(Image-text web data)

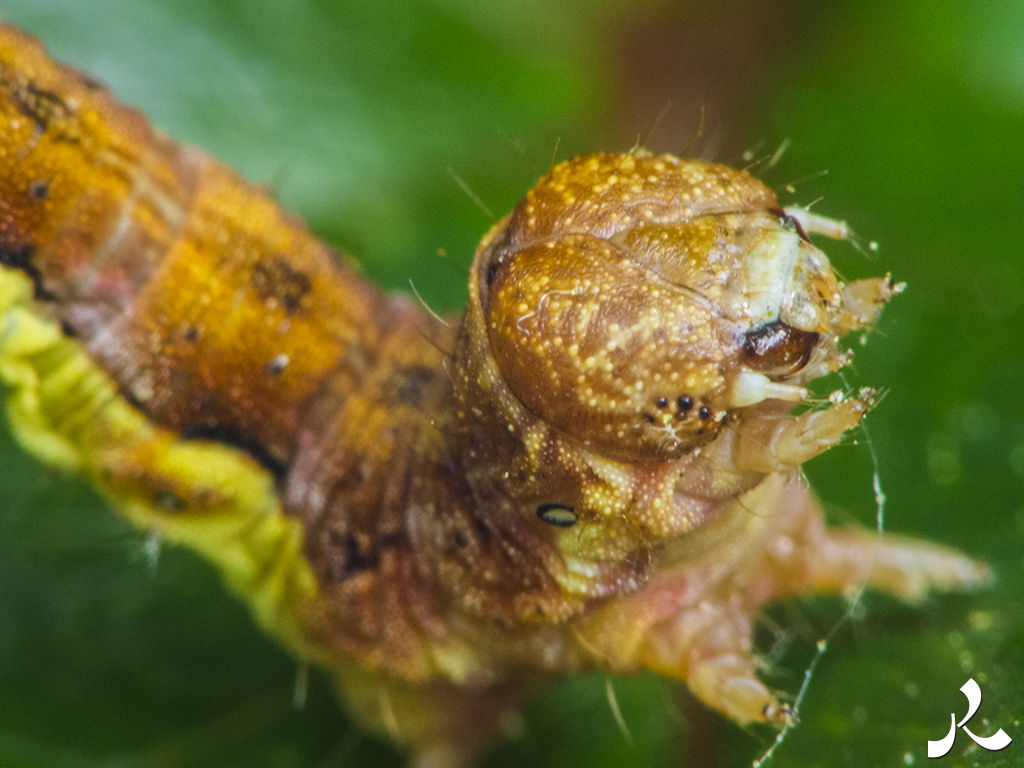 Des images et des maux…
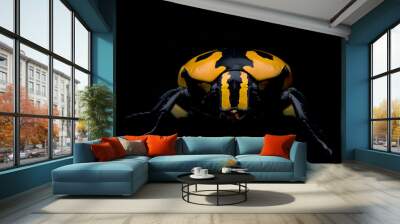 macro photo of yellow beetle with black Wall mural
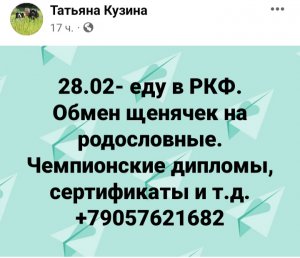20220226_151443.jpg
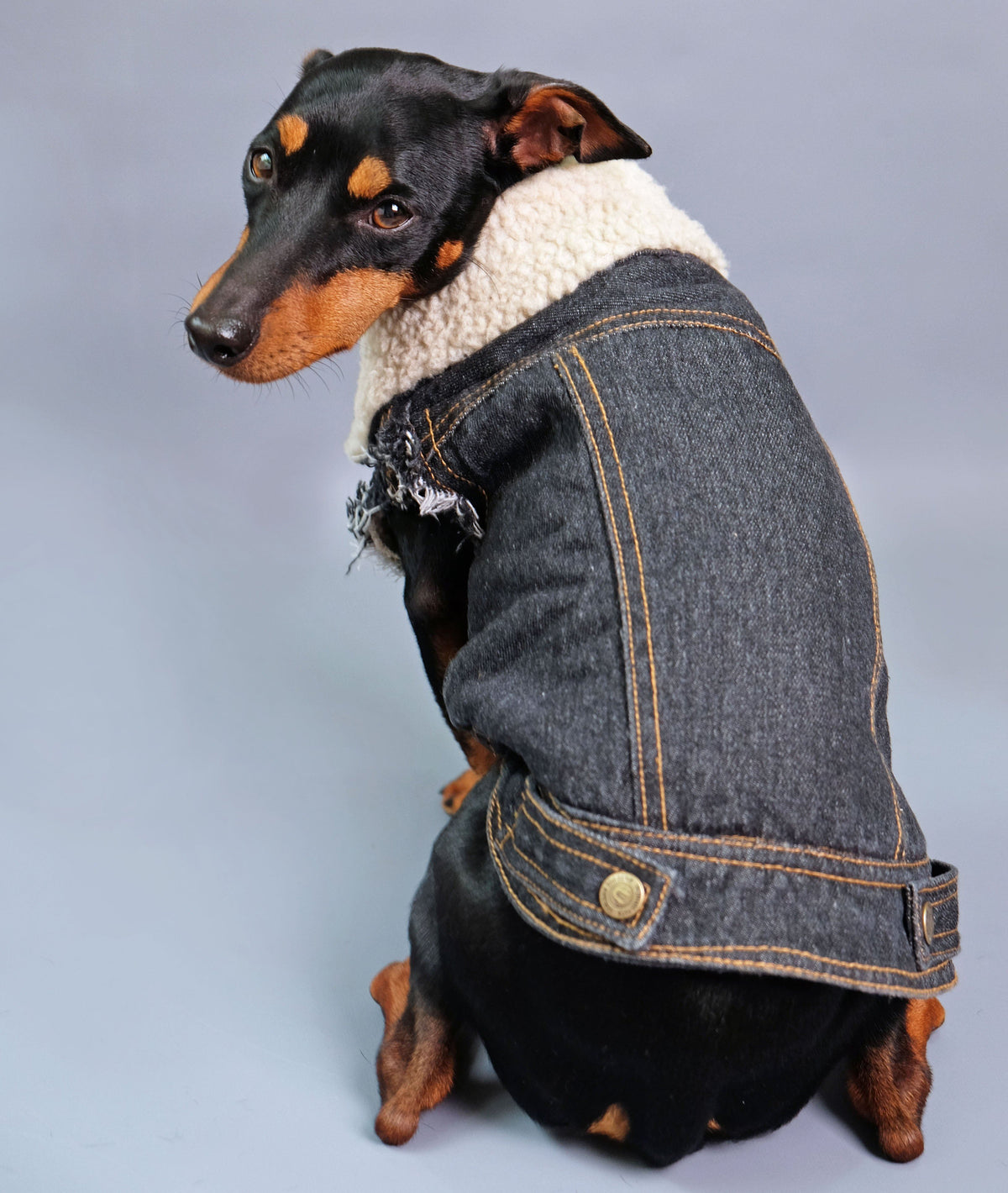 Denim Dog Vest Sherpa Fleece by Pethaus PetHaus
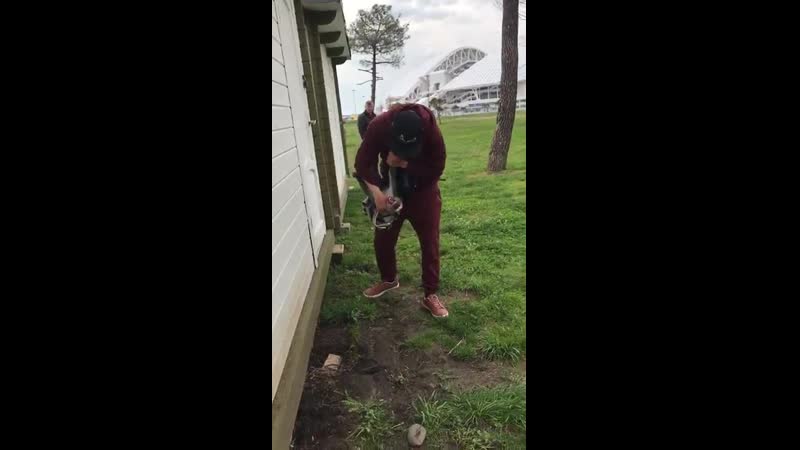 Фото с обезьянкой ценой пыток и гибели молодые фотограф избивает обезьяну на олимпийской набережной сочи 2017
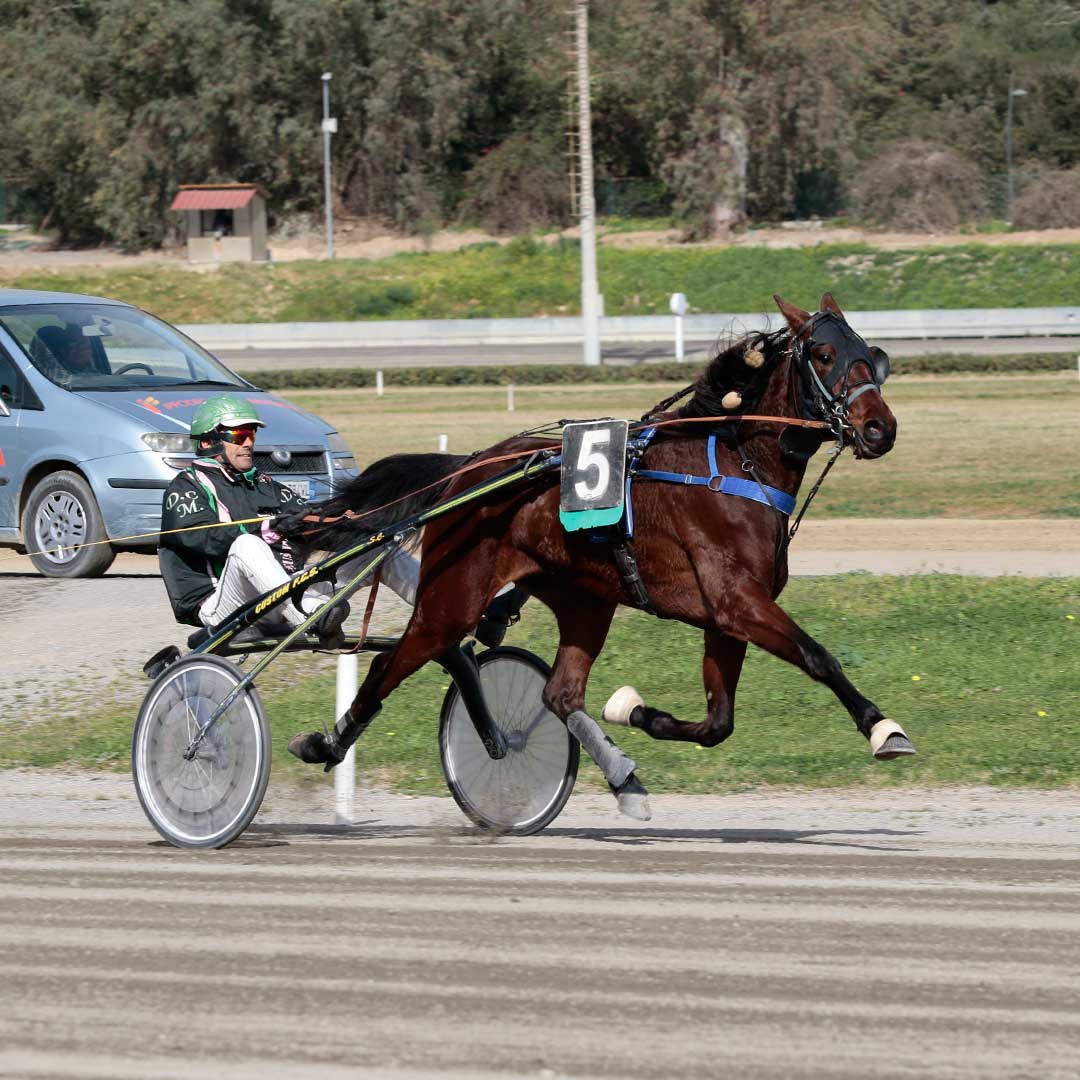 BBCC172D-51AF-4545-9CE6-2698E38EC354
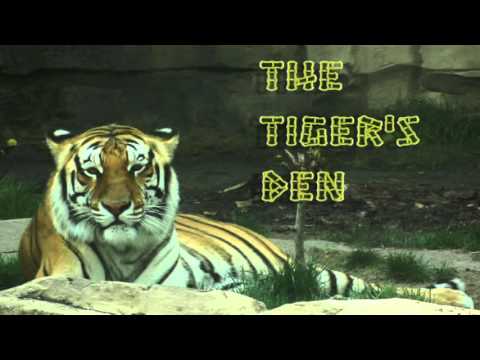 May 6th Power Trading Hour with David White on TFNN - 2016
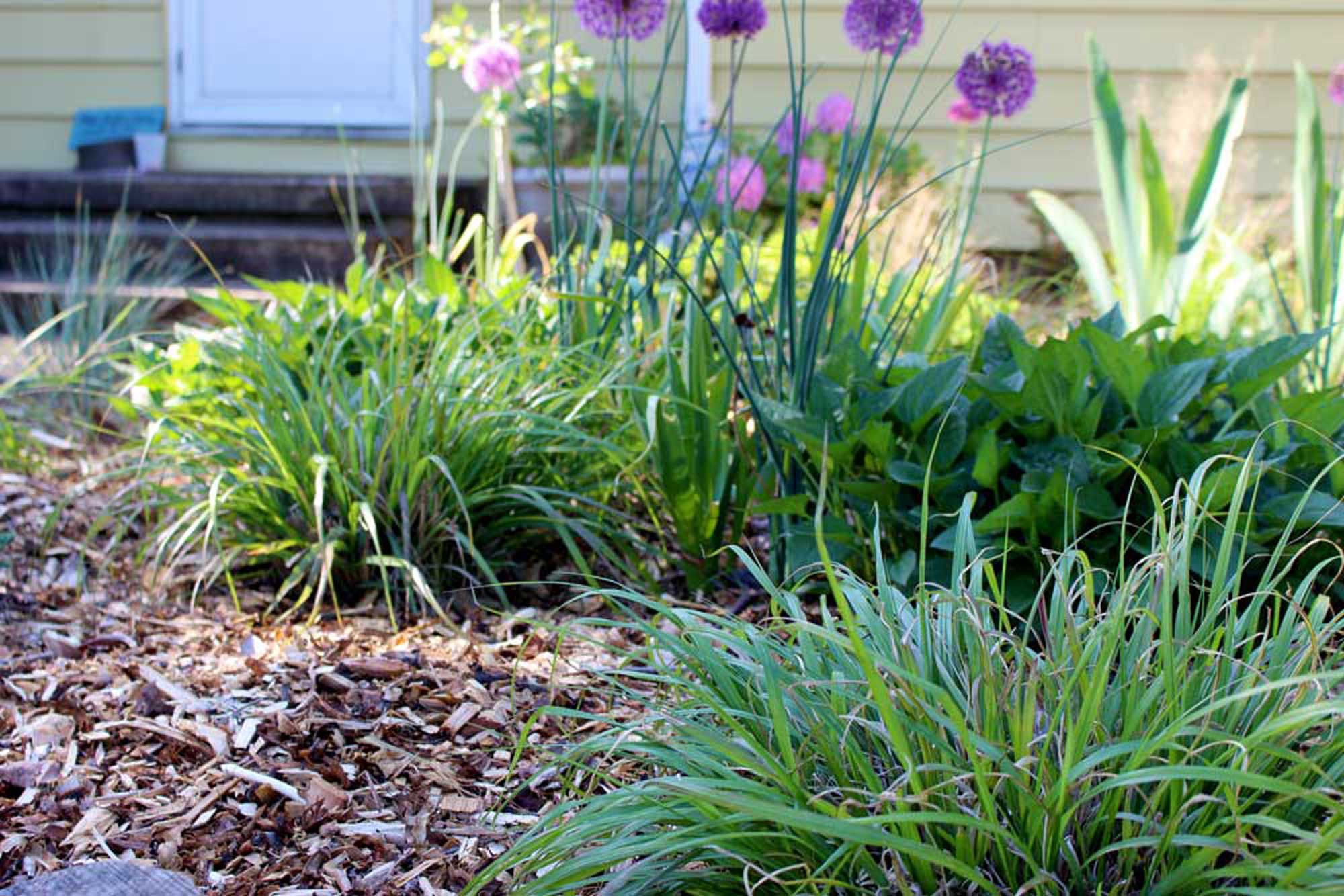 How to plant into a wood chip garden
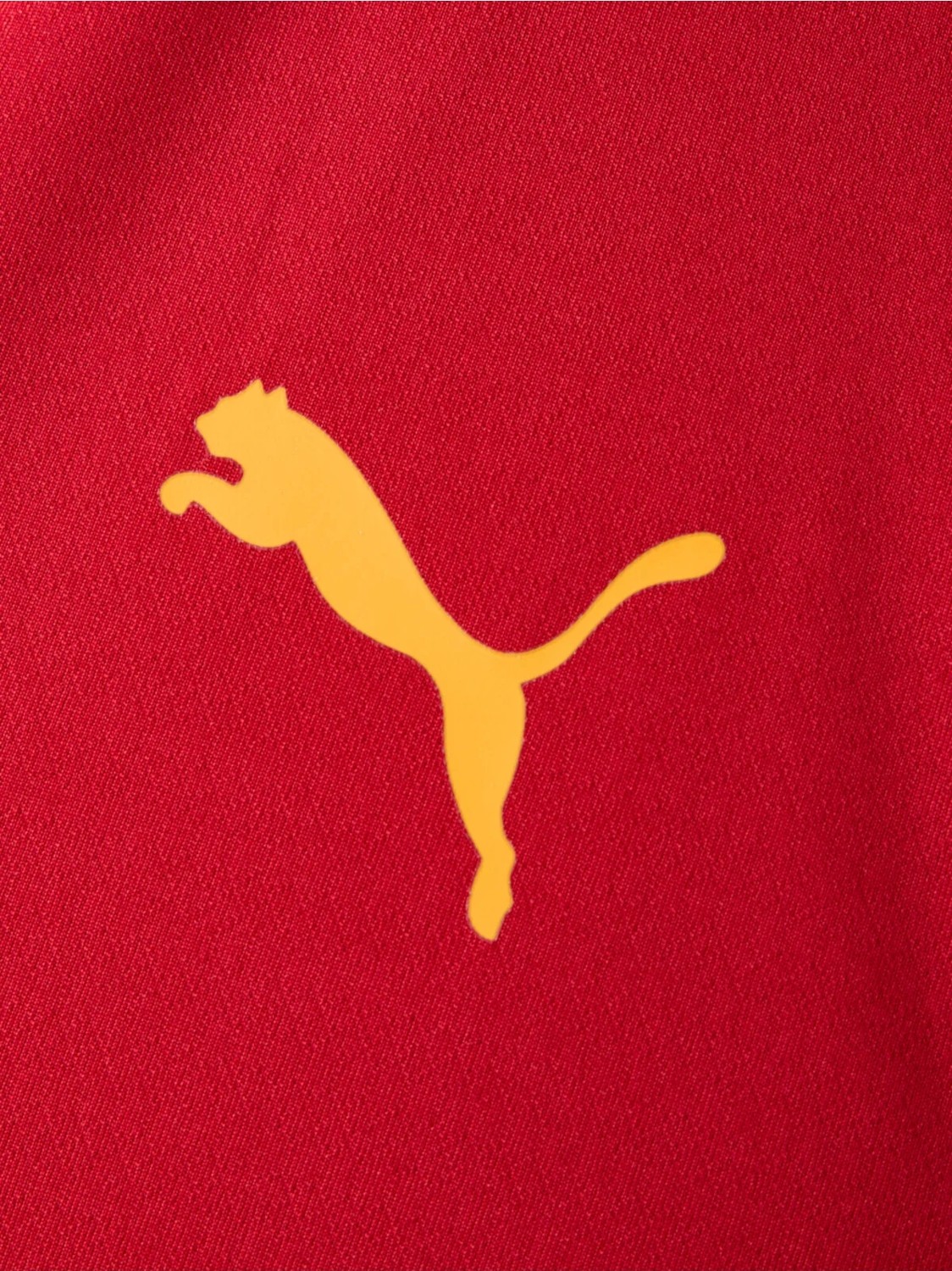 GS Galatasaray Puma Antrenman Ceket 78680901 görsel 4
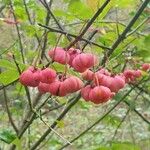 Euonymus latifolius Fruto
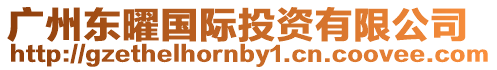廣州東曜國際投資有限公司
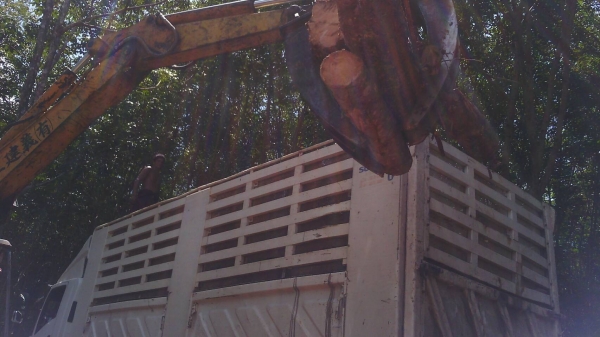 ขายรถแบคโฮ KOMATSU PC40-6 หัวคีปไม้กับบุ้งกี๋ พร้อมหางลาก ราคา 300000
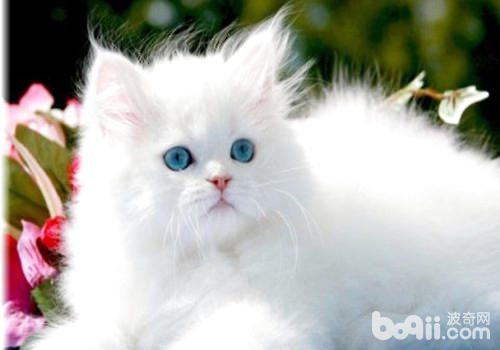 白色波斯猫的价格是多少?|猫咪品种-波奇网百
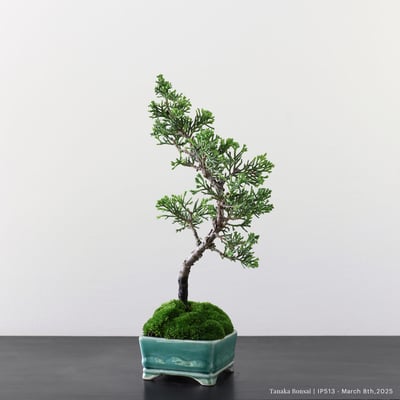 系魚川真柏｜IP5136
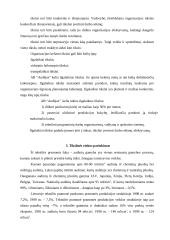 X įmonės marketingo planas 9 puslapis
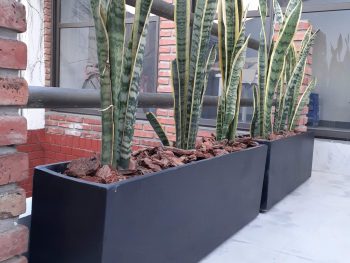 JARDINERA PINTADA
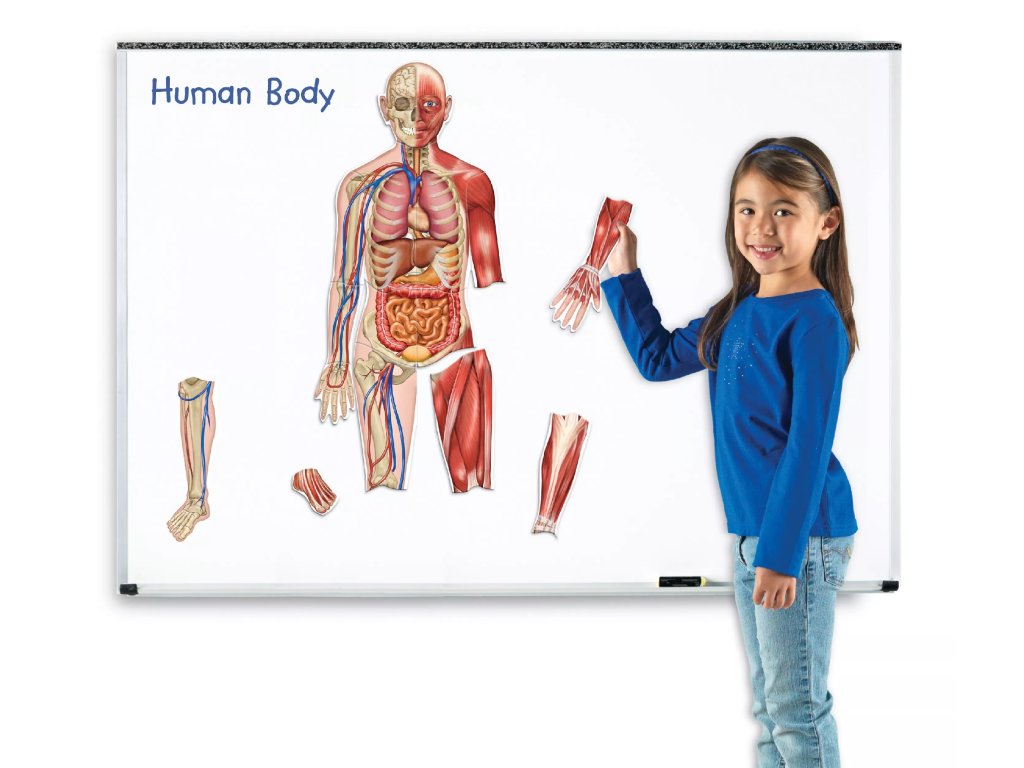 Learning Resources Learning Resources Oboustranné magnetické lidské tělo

> Task item
In the records above, find the line containing "系魚川真柏｜IP5136", then please restate it and each line after it word for word, pictures excluded.

> Result of the task
 系魚川真柏｜IP5136
 X įmonės marketingo planas 9 puslapis
 JARDINERA PINTADA
 Learning Resources Learning Resources Oboustranné magnetické lidské tělo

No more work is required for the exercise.